1. Nguyễn Thanh Dũng → Dũng
2. Liễu Thanh Tùng   → Tùng  
3. Ngô Thế Giang     → Giang

Read this table first. Build a lookup. Normalize every teacher name before storing it.


## The Space Problem Nobody Warns You About

Five sheets in the Specialized file don't match their counterparts in the attendance file. Not by much. Just a space.

Fee statement:   "10. Trung"
Attendance file: "10.Trung"

One has a space after the period. One doesn't. Same class. Different key. No merge.

The fix: normalize sheet names before comparing. Strip all spaces, lowercase everything. "10. Trung" and "10.Trung" both become "10trung". Match.

It's the kind of bug that makes you stare at your screen for a while before you realize you're looking at a whitespace character.

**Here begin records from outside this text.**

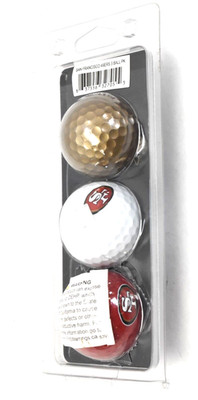 Team Golf NFL San Francisco 49ers Regulation Golf Balls 3 Pack Bronze White Red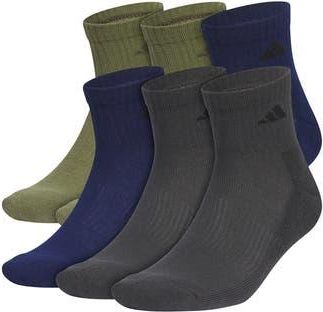 adidas Cushioned 6-Pack AEROREADY Quarter Training Socks in Olive Green/Dark Blue/Grey at Nordstrom Rack, Size Large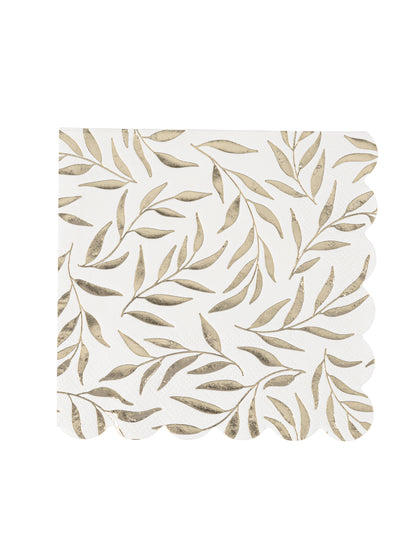 20 bielych a zlatých papierových koktailových obrúskov so vzorom vrúbkovaného lístia
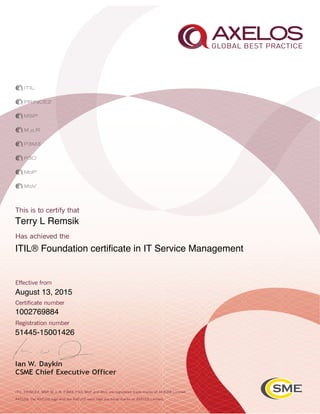 Terry L Remsik
ITIL® Foundation certificate in IT Service Management
August 13, 2015
1002769884
51445-15001426
 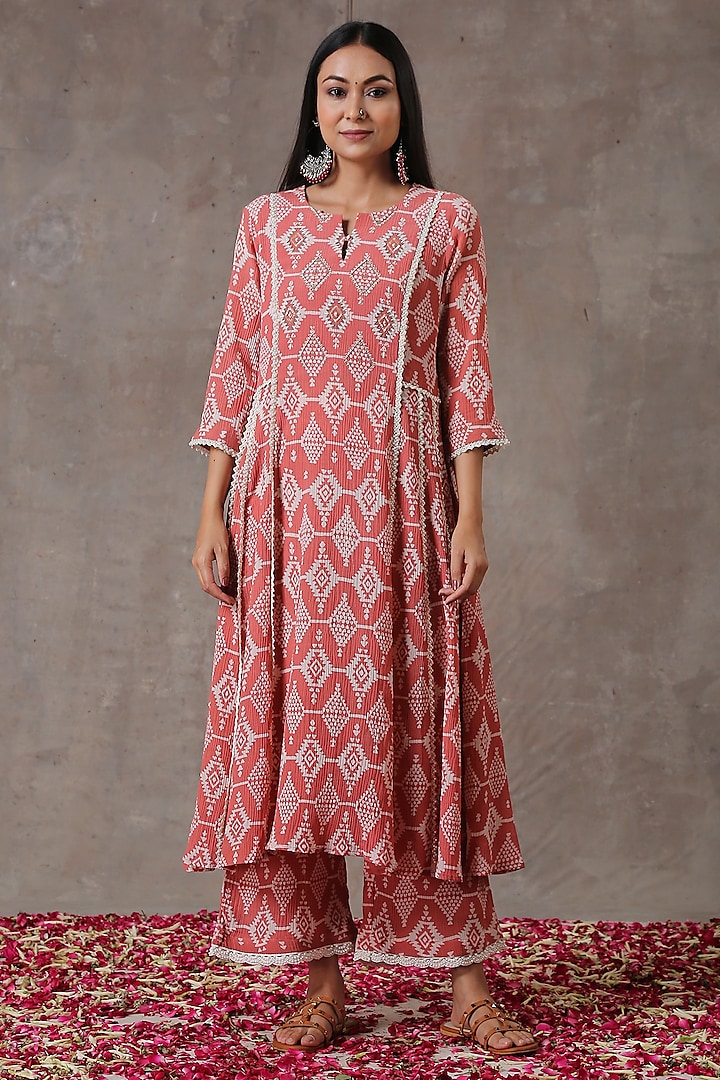 Peach Hand Embroidered A-Line Tunic Set by Rekha Agra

## What We Actually Built Today

By end of day, the import pipeline does this:

  1. >Upload any Excel file → system auto-detects which month(s) it belongs to
  2. >Separates data into staging buckets, one per month
  3. >Fee statements: students, fees, attendance records
  4. >Attendance files: class schedules, full teacher names (normalized)
  5. >Review page: three tabs — Classes, Students, Warnings
  6. >Merge logic: class info from attendance files enriches fee statement data
  7. >Confirm → writes to Production
  8. >Re-import button if you discover errors after confirming

Also: the old "type the month manually" input is gone. The file knows what month it is. We just ask it.


## The Number That Checked Out

At the end of the day, the system reported: 29 classes, 408 students for February 2026.

I ran the numbers manually against the raw Excel. Cross-referencing sheet by sheet, student by student.

29 classes. 408 students. ✓

The 10 "missing" classes? Template sheets with Tháng 12 in the header — placeholder sheets from three months ago with no real data. The parser correctly ignored them.

It's a small thing. But when a number you computed matches a number you counted by hand, something settles.


## One Bug Still Open

The teacher names aren't showing up in the review page yet. The parser reads them correctly — I verified it locally. The staging document exists in Firestore. But the merge isn't triggering.

Root cause, narrowed down tonight: a TypeScript type issue. unknown[] doesn't play nicely with .slice() at runtime. The hasRealDates check that gates the whole merge was silently returning false for every sheet.

Fix pushed. Deploy in progress. Test tomorrow.


## The Thing About Building for Real People

Dũng is going to use this. Not in a "maybe someday" way. In a "next month's attendance sheets are due" way.

That changes how you think about bugs. A parser that miscounts students isn't a test failure. It's a number Dũng trusts, puts in a report, tells parents about.

I've built a lot of things nobody ever really used. This one has a deadline and a face attached to it.

That's uncomfortable in the best possible way.


Total commits today: 17. Tasks completed: 049A through 049I. One bug open. One very tired designer-who-codes.